Tattered, Velvet, Ocean

Our white teeth soured in the salt water as we sank into the ocean, slipped, and swam again—breaking the surface, meeting the sun's light. "There," I said, "a rope." It beat with the buzz of the waves like a crooked dancing vein.

Those were her hands around the thin rope, swaying, pulling. Those were her white teeth smiling between lips and the noise of the ocean's slush. And I followed close, gasping, swallowing salt water—the waste filtering in my kidneys.

We built boats from the sharp splinters and the terrible debris. We packed them with barrels of sand to make islands. We piled clocks so we'd never lose time.

We made love for years, and years, turning our bodies into machines—carrying the sand, stacking, and throwing it over the waves.

She bore many children:

As time passed she began to feel the stress of no sleep.
  Our children became restless. Blackness curved my eyes like terrible leaches. I cooked over a fire, stacked wood, surrounded by stone. We spoiled no food.

We found a door:

The door's knob had only a hint of rust.
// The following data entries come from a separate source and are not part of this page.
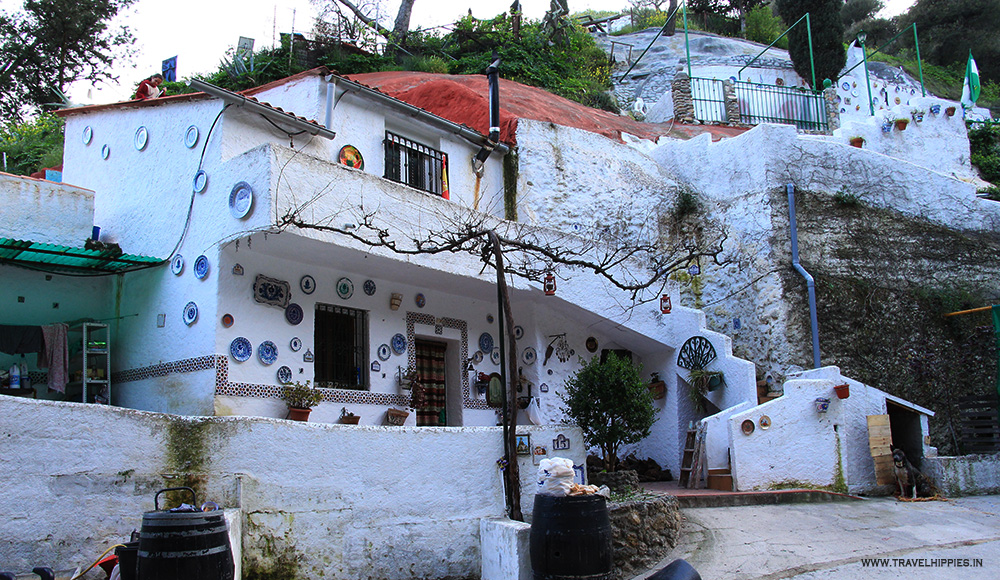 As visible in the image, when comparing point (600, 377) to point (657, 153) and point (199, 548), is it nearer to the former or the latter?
point (199, 548)

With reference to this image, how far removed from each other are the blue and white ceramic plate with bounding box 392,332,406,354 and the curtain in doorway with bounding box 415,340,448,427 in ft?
1.60

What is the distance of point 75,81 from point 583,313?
16891mm

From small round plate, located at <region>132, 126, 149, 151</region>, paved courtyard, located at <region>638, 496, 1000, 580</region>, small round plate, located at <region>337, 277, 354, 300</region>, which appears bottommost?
paved courtyard, located at <region>638, 496, 1000, 580</region>

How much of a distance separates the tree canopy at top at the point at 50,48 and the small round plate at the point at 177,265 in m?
12.6

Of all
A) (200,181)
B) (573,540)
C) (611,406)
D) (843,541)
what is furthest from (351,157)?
(843,541)

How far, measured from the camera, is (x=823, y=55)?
23.0 m

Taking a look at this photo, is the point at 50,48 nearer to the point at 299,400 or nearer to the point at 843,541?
the point at 299,400

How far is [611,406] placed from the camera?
32.6 ft

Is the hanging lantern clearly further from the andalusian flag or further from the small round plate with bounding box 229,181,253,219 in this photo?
the andalusian flag

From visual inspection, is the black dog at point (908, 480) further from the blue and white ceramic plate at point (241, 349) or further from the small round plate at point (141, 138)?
the small round plate at point (141, 138)

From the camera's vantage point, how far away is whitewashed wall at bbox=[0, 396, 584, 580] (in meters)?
5.68

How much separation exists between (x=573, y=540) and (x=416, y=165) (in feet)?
26.5

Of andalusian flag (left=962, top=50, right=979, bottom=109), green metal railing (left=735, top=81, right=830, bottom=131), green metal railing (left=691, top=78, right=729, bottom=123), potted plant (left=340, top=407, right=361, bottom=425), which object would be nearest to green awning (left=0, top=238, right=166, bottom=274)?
potted plant (left=340, top=407, right=361, bottom=425)

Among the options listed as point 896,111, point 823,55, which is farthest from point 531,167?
point 823,55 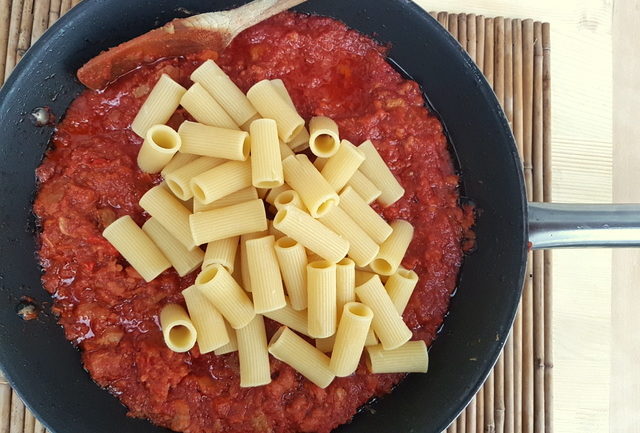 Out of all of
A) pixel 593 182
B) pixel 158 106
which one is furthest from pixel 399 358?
pixel 593 182

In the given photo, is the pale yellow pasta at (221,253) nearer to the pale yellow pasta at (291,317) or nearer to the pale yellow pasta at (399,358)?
the pale yellow pasta at (291,317)

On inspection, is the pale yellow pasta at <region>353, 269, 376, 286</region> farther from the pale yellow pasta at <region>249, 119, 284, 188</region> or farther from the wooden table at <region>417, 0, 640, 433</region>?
the wooden table at <region>417, 0, 640, 433</region>

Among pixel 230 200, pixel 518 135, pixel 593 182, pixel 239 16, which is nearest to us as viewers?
pixel 230 200

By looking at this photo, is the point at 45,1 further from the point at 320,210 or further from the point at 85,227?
the point at 320,210

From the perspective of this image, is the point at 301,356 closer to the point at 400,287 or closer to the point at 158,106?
the point at 400,287

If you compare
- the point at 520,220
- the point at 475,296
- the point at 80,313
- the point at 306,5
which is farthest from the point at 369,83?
the point at 80,313

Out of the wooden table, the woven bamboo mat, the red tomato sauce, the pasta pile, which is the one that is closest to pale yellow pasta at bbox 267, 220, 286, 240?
the pasta pile

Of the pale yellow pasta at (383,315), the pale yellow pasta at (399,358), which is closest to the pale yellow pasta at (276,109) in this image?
the pale yellow pasta at (383,315) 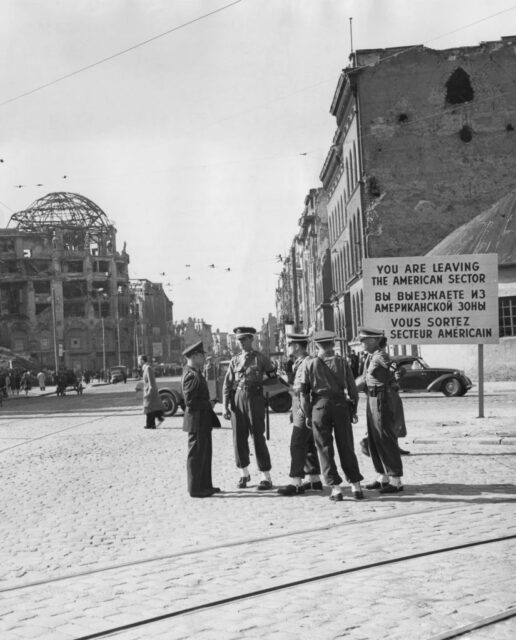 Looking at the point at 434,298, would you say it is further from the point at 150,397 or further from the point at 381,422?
the point at 381,422

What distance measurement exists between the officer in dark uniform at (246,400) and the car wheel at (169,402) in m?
14.6

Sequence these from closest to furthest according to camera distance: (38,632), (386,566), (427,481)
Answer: (38,632) → (386,566) → (427,481)

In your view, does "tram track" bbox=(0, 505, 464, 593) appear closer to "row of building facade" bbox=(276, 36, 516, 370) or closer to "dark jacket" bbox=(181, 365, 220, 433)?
"dark jacket" bbox=(181, 365, 220, 433)

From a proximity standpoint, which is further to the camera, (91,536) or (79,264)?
(79,264)

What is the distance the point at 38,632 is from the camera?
5.05m

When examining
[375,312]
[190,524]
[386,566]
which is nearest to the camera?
[386,566]

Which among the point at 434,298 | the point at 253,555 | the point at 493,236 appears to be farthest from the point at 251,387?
the point at 493,236

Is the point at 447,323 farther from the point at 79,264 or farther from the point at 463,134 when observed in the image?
the point at 79,264

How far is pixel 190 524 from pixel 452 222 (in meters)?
40.4

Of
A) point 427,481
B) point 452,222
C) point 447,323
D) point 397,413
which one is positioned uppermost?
point 452,222

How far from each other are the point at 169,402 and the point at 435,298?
9.86 m

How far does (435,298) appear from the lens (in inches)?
709

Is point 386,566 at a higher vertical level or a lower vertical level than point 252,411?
lower

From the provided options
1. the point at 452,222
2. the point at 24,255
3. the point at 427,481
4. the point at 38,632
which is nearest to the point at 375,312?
the point at 427,481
It was intricate. It was hand carved.   We stood at the edge of the island and stared at its lines and circles, debating, holding our breath, giving meaning to the depth of the notches.
  A shifting light flickered from the space at the bottom of the door in a long draw across the ocean's rotted velvet carpet, torn by decades of sand.
  "That door will lead us deeper into darkness," she said.
  I nodded.

Our children sang:

"God oh God the depth of the ocean."

The children were sucking her tired breasts in the damp darkness as she felt her shape. She worried about her fatigued figure until she slept, blanketed in what was left of her tattered dress. They wiped spoilage of milk from their lips with their thin fingers, never looking at the door.

There was no moonlight:

I crept low, digging my fingers and toes into the sand, crawling past our children, past my twitching wife, (and for the first time) past the velvet, past the wet door and into a tunnel of mud.
  I moved on all fours through the tunnel, my head scraping the ceiling. No light.
  In a brief moment, after so much time had passed, I saw through the mud and the dirt of the tunnel, squinting. I saw people draped in robes. I watched them sway their hands like conductors ordering a symphony. They spat. They mimicked each other's vex. They held books. They erected crosses. They crucified.
  And I moved on in the darkness.

I fell into a room:

In the center of the room was a red-bulb of light hanging from a wire dripping the earth (mud, sand, water) like wax. Clocks lined one wall, light lined another.
  The clocks ticked and beat steady and jagged. Rhythm, and not rhythm, disorienting but familiar. Light danced.
  The room had no windows. Smoke coughed through cracks in the wall's emptiness. Puffs collected in swirls, glowing and growing stagnant in the light. The mud and the ocean leaked through.
  I knelt and turned, watching the smoke seep.

The light switch would not turn off the glowing. I unscrewed the bulb, slowly. I held it in my fingers, hot and menacing, beating like a heart.
  In that room full of clocks and light, full of smoke and mud, I was only terrible.